Жизнь сквозь призму объектива
Поймать Камиля Чутуева в Махачкале можно, но сложно. Он постоянно в разъездах со своими верными друзьями – автомобилем и фотоаппаратом. Давно эти поездки перестали быть рабочими командировками. Сейчас Камиль Аминович снимает в основном для себя, но при этом всегда делится снимками улыбающихся горянок или кавказских ледников со всем миром.
Сын первого в Дагестане фотокорреспондента Амина Чутуева и не думал, что достигнет таких высот. Более полувека назад, будучи мальчишкой, он взял в руки фотоаппарат и уже не расставался с ним. Но прежде чем стать самым известным фотографом в Дагестане, сельскому мальчику, у которого было только школьное образование, пришлось многому учиться самому.

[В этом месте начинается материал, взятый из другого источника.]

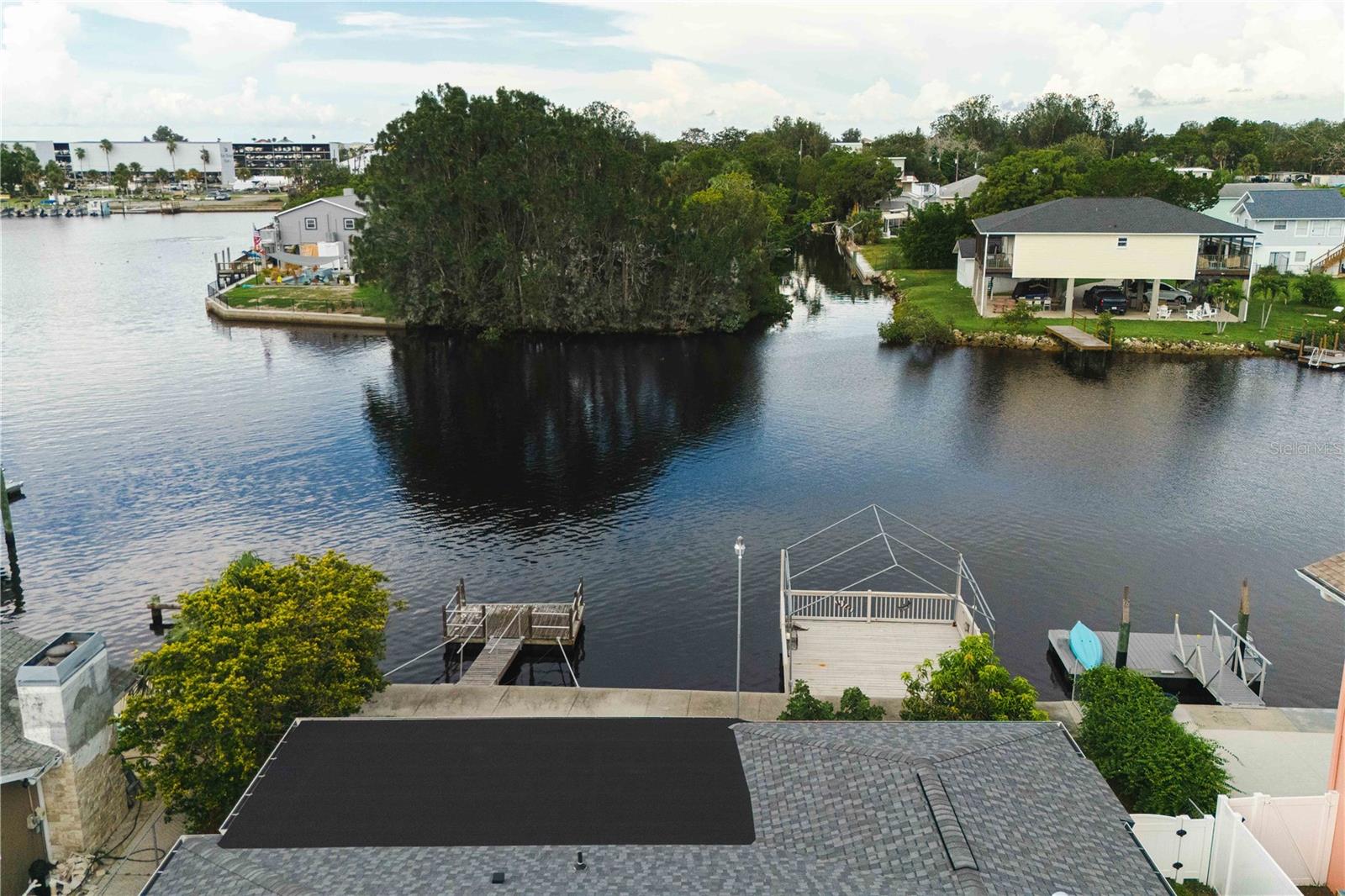 HUDSON BEACH ESTATES - Residential Lease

– Я же не думал быть фотокорреспондентом. А когда стал работать, мне это все понравилось, втянулся в работу, она оказалась чрезвычайно интересной. И я начал выписывать всевозможные журналы по фотографии, книги по искусству: чехословацкий журнал по фотографии, немецкий «Magazine», «Советское фото». Был на нескольких семинарах для периферийных фотожурналистов. Эти семинары организовывал Союз журналистов СССР. Там выступали выдающиеся фотографы, фоторепортеры и химики. Это тоже мне очень многое дало. В те времена в центральных газетах «Известия» и «Правда» еще публиковались фотографии, выдержанные в композиции, в свете. И глядя на все это, я учился.
– Вы считаете себя трудягой?
– Не совсем. Я немножко лентяй. Когда я только начал работать фотокорреспондентом, редактор одной газеты, выходящей на даргинском языке, Ибрагим Багомаев всегда ругал меня, что я ленюсь, что я могу больше снимать, больше зарабатывать, а я этого не делаю. Это мне запомнилось.
– Расскажите какой-нибудь интересный случай, произошедший с вами в начале вашего творческого пути.
– Много было таких случаев. Когда отец был живой, и я только-только начинал фотографировать, у меня был простенький фотоаппарат «ФЭД». И как-то в Русском театре (тогда он находился на Воронской улице, где сейчас здание Кумыкского театра) проходила генеральная репетиция какого-то спектакля. Там присутствовали режиссер, кто-то из министерства культуры, писатели, люди искусства. Отец там проводил съемку и взял меня с собой. У меня был этот «ФЭД» и большая тяжелая фотовспышка. Мы сидели с отцом в первом ряду, и началась какая-то интересная мизансцена. Отец мне показывает: иди, сними. Я эту вспышку – через плечо, держу фотоаппарат. Подошел как можно ближе, нажал на спуск, вспышка вспыхнула и – бабах! – что-то взорвалось. Актеры тут же остановились. Я смотрю на режиссера, он так зло на меня смотрит, но ничего не говорит. Отец мне машет: давай, скорее уходи со сцены. Оказалось, что взорвался конденсатор, накопитель энергии у вспышки. Хорошо, что он был в кожаном футляре.
– На вашем творческом пути были какие-то преграды, трудности?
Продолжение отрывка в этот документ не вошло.